The single was released for digital download on January 12, 2018.

==Composition==
"After the Storm" is a funk, neo soul, and R&B song. It features Collins singing "karma-themed ad libs" and a rap verse provided by Tyler, the Creator.

==Music video==
The song's music video, directed by Nadia Lee Cohen, was released on January 25, 2018. The video features scenes with Tyler, the Creator as a plant, and Collins in animated form.

In a review of the clip, The Verges Kaitlyn Tiffany describes the video as a "radically lemon-yellow ensemble". Vogue writer Rachel Hahn describes Uchis' outfit as a "bright blue lounge set fit for a '50s housewife".

==Live performances==
On March 15, 2018, Uchis performed "After the Storm" with Tyler, the Creator and The Roots for her television debut on The Tonight Show.
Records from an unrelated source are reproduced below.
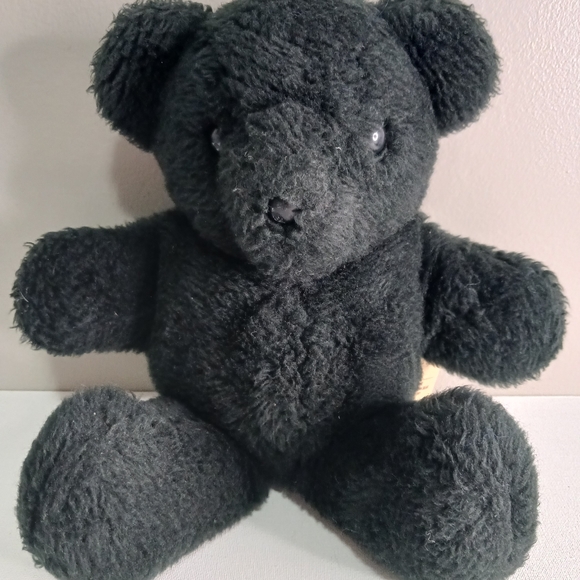 Stuffed by me basic black bear stuffed bear Handmade by Marilee Woods - Picture 1 of 4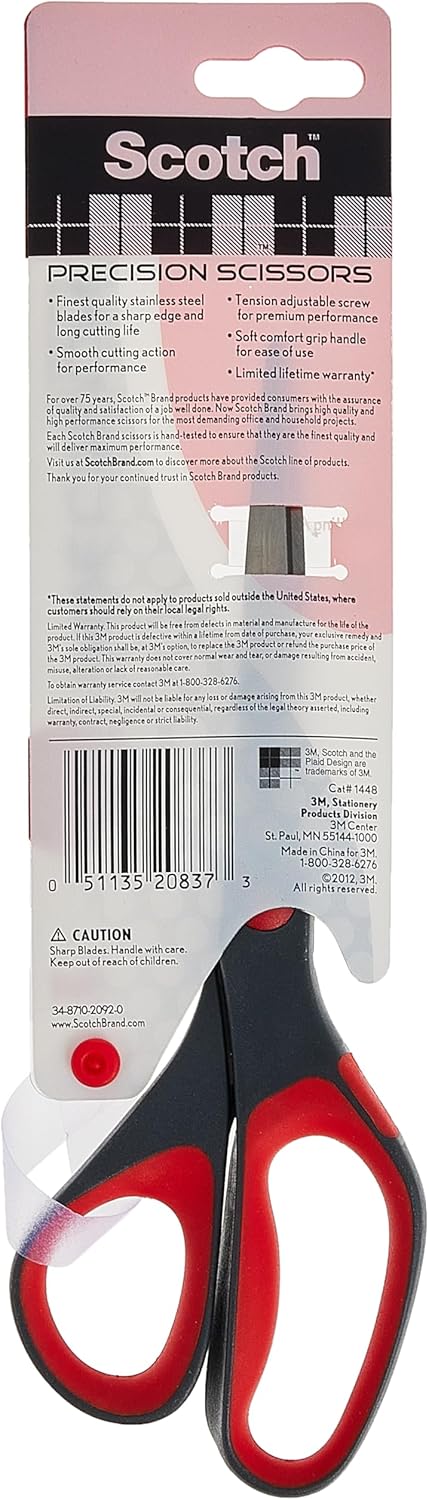Scotch 6" Precision Scissors, Great for Everyday Use (1446)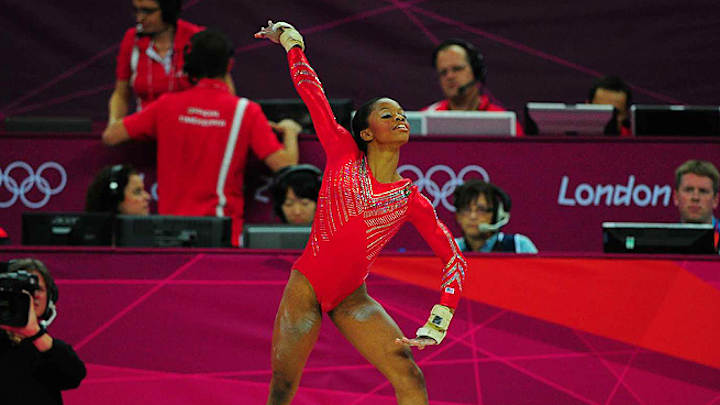 Gabby Douglas returns to the gym after post-Olympics break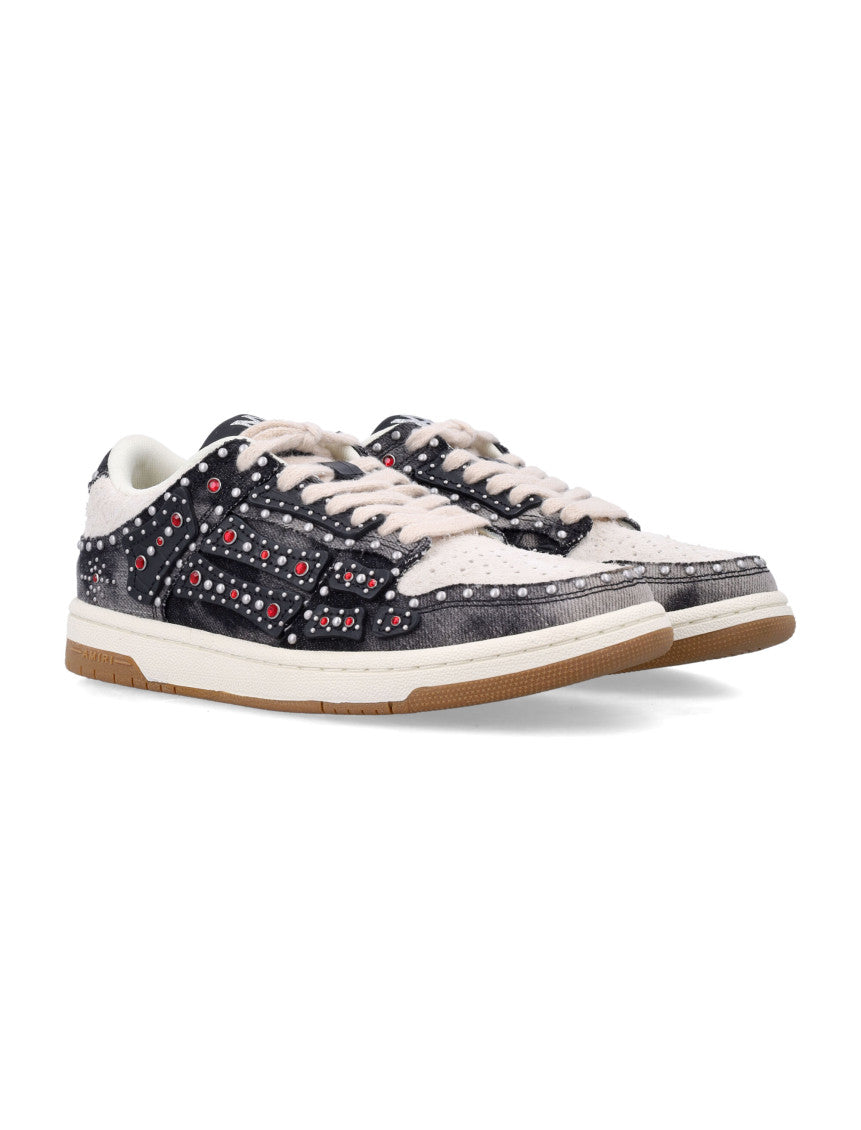 Black Stud Skel-Top Sneakers 3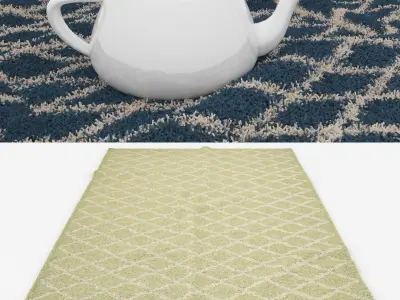 Rugs No 484 Low-poly 3D model
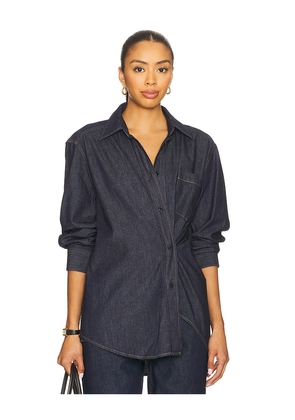 AGOLDE Kaelin Shirt in Blue. Size L. Also in XS.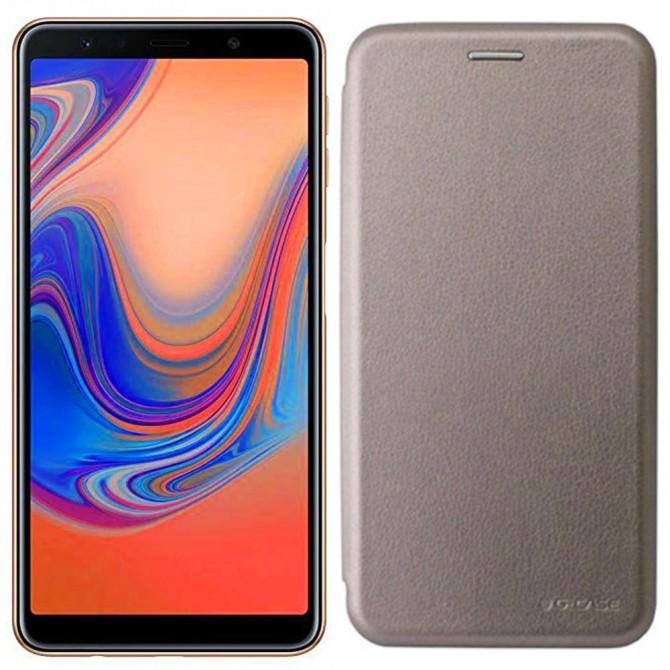 Чехол книжка U-Like Best для Samsung Galaxy A7 2018 (A750) Grey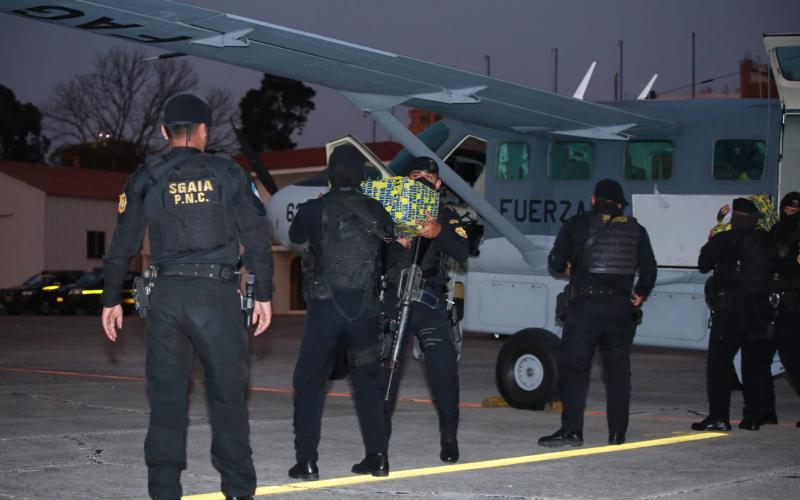 Incautación de droga en Petén asciende a Q94 millones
On April 15, 2018, Uchis performed the song during her set at Coachella with Tyler, the Creator.

==Credits and personnel==
Credits adapted from Tidal and the liner notes of Isolation.

- Mixed and mastered at Bedrock.LA (Los Angeles, California)

Personnel

- Kali Uchis – lead vocals, background vocals, songwriting
- Tyler, The Creator – vocals, songwriting
- Bootsy Collins – vocals, songwriting
- Matthew Tavares – songwriting, fender rhodes
- Chester Hansen – songwriting, bass guitar, synthesizer
- Leland Whitty – songwriting, guitar
- Alexander Sowinski – songwriting, percussion, drums
- BadBadNotGood – production
- Pete Rock – remix production

- Jeff Ellis – mixing
- Chico Torres – mixing assistance
- Timothy Nguyen – mixing assistance
- Vic Wainstein – engineering
- Dave Kutch – mastering

==Charts==

Chart performance for "After the Storm"
| Chart (2019) | Peak position |
|---|---|
| Belgium (Ultratip Bubbling Under Flanders) | 30 |
| Belgium Urban (Ultratop Flanders) | 28 |
| New Zealand Heatseekers (RMNZ) | 8 |
| US Hot R&B Songs (Billboard) | 16 |

==Certifications==

Certifications for "After the Storm"
| Region | Certification | Certified units/sales |
| Brazil (Pro-Música Brasil) | Platinum | 40,000^{‡} |
| Canada (Music Canada) | 2× Platinum | 160,000^{‡} |
| Denmark (IFPI Danmark) | Gold | 45,000^{‡} |
| France (SNEP) | Gold | 100,000^{‡} |
| New Zealand (RMNZ) | 2× Platinum | 60,000^{‡} |
| United Kingdom (BPI) | Gold | 400,000^{‡} |
| United States (RIAA) | 3× Platinum | 3,000,000^{‡} |
^{‡} Sales+streaming figures based on certification alone.